Anti-Money laundering. The current regulatory environment has seen the formation of new government agencies and implementation of new laws, as well as a continued rise in ATM fraud activity around the globe.
The flow of funds from illegal activities amounts to billions of dollars per year, moving among countries and bank accounts in an effort to make the funds appear legitimate. In the U.S., anti-money laundering rules currently apply only to FIs and designated money services businesses. Canada recently passed the Money-Services Business Act, requiring ATM operators, owners and lessees to pay licensing and insurance fees.
Currency design. To make U.S. Federal Reserve Notes more accessible for the seeing impaired, the U.S. Bureau of Engraving and Printing is changing the design of the nation’s currency. The challenge for ATM operators is accommodating the changes to the installed base of more than 400,000 ATMs.
The Office of Foreign Assets Control. OFAC, an office of the U.S. Department of the Treasury, administers and enforces the U.S. government’s sanctions programs. Depending on the particular restriction at issue, OFAC regulations can restrict exports and imports to blocked entities or countries, the provision or purchase of services, financial transactions with blocked countries or entities and restrictions on travel. Financial transactions involving sanctioned parties may be blocked or rejected.
Consumer Finance Protection Bureau. With the formation of this bureau, ATM operations will be under greater scrutiny than ever. A high-profile security breach, large-scale fraud and consumer dissatisfaction all could result in increased regulatory burdens that also raise costs for operators.
Durbin Amendment. Despite the lobbying of others that ATMs be included in the Durbin Amendment, ultimately ATM operators and networks were not part of the new regulations. However, beginning July 21, 2012, debit and general-purpose prepaid cards will not be exempt if the cardholder may be charged either an overdraft fee or a fee for the first withdrawal each month from ATMs in the issuer’s designated ATM network.

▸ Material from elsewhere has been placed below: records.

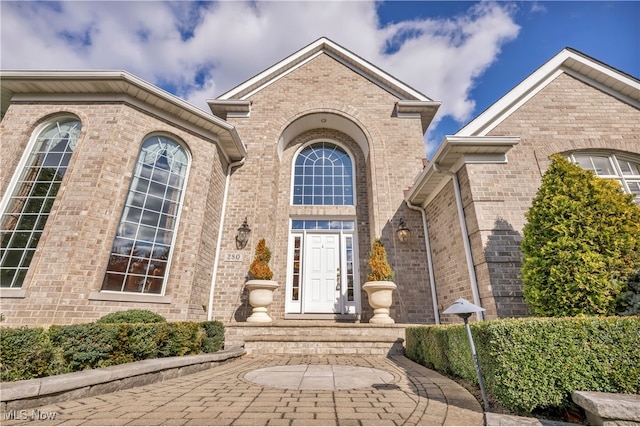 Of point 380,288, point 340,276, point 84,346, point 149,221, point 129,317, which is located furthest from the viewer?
point 340,276

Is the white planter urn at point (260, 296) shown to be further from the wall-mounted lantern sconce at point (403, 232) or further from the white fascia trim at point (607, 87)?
the white fascia trim at point (607, 87)

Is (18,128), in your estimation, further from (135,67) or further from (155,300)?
Result: (155,300)

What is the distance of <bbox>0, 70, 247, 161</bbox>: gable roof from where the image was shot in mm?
6023

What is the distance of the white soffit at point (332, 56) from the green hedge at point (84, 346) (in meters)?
8.15

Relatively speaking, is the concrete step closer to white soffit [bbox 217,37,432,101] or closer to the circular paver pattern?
the circular paver pattern

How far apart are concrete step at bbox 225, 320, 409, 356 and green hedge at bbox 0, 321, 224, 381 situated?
1.65m

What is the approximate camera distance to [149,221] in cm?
626

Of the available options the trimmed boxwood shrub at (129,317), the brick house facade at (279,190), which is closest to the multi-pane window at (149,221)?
the brick house facade at (279,190)

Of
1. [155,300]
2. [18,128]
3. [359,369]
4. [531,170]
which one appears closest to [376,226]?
[531,170]

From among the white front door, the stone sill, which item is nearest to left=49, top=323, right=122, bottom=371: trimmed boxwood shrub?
the stone sill

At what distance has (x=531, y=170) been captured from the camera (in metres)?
5.90

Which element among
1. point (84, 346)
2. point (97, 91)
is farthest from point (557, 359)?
point (97, 91)

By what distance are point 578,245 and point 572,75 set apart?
566cm

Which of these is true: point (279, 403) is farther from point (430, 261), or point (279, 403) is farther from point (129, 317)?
point (430, 261) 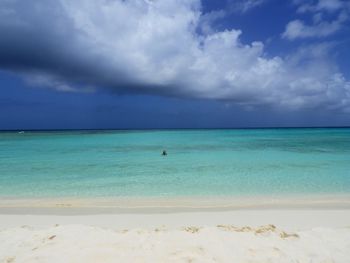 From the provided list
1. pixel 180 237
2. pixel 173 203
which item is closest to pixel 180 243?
pixel 180 237

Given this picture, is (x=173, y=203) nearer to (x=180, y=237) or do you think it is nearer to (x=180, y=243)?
(x=180, y=237)

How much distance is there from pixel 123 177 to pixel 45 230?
7.53 m

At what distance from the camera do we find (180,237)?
4.72 metres

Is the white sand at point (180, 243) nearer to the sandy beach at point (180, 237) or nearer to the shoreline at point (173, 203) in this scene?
the sandy beach at point (180, 237)

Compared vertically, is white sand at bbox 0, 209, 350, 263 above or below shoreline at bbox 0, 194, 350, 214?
above

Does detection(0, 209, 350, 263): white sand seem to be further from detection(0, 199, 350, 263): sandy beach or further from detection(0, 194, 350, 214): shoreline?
detection(0, 194, 350, 214): shoreline

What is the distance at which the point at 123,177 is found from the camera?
12.7 m

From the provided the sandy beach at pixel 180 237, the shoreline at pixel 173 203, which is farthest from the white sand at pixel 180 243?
the shoreline at pixel 173 203

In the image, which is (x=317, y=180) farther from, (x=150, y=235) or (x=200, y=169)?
(x=150, y=235)

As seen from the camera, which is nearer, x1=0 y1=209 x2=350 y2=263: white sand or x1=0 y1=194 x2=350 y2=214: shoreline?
x1=0 y1=209 x2=350 y2=263: white sand

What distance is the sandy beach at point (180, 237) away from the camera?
13.1 ft

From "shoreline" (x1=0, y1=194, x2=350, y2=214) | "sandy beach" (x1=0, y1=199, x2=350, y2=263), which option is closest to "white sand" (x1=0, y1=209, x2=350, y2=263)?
"sandy beach" (x1=0, y1=199, x2=350, y2=263)

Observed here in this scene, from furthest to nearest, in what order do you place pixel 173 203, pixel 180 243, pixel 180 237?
pixel 173 203, pixel 180 237, pixel 180 243

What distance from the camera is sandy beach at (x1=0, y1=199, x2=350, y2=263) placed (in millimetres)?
4008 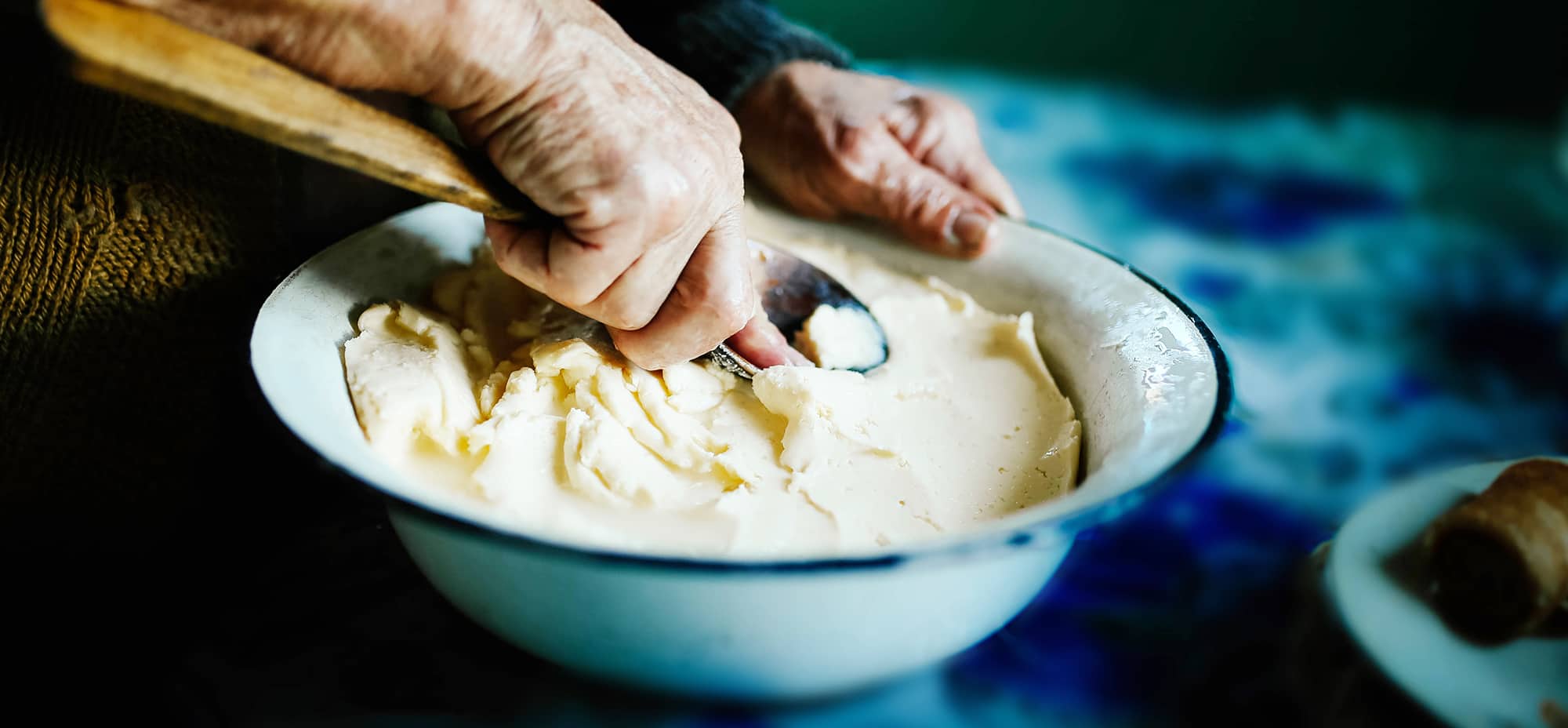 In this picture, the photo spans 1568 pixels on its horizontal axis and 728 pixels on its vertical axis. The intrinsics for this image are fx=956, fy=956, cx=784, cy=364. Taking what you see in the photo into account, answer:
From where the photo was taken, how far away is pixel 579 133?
0.49m

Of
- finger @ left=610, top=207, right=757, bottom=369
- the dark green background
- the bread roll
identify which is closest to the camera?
the bread roll

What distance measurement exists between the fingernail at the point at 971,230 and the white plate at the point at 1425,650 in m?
0.36

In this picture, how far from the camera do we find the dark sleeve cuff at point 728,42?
93 cm

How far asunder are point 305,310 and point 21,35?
20cm

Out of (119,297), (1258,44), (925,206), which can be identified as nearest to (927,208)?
(925,206)

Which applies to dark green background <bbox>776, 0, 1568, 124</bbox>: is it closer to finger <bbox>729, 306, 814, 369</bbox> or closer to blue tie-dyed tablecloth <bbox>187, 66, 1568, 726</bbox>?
blue tie-dyed tablecloth <bbox>187, 66, 1568, 726</bbox>

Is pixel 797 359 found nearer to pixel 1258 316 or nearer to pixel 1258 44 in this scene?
pixel 1258 316

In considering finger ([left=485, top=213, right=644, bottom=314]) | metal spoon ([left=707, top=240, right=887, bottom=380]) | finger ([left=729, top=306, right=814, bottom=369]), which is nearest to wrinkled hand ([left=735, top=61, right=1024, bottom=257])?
metal spoon ([left=707, top=240, right=887, bottom=380])

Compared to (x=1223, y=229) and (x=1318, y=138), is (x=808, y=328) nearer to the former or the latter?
(x=1223, y=229)

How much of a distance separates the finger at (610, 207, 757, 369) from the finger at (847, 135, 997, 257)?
10.2 inches

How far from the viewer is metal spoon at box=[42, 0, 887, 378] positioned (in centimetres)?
35

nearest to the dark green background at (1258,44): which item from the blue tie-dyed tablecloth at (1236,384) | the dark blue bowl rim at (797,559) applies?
the blue tie-dyed tablecloth at (1236,384)

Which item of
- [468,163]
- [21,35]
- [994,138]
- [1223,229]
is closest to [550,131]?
[468,163]

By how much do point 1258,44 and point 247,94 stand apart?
1.72m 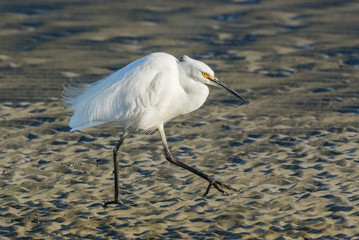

Insurance demands. From an insurance perspective, ATM operators face a wide range of risks, from acts of God to acts of unscrupulous employees. Companies an IAD does business with will want to see proof, in the form of insurance certificates, that the ATM and the cash are adequately protected against these kinds of risk. A comprehensive insurance program can help manage those risks and ensure compliance with requirements.
For all of these scenarios, we put together this handbook. We wanted to capture the most important regulations and like issues facing ATM operators and highlight those that are on the horizon.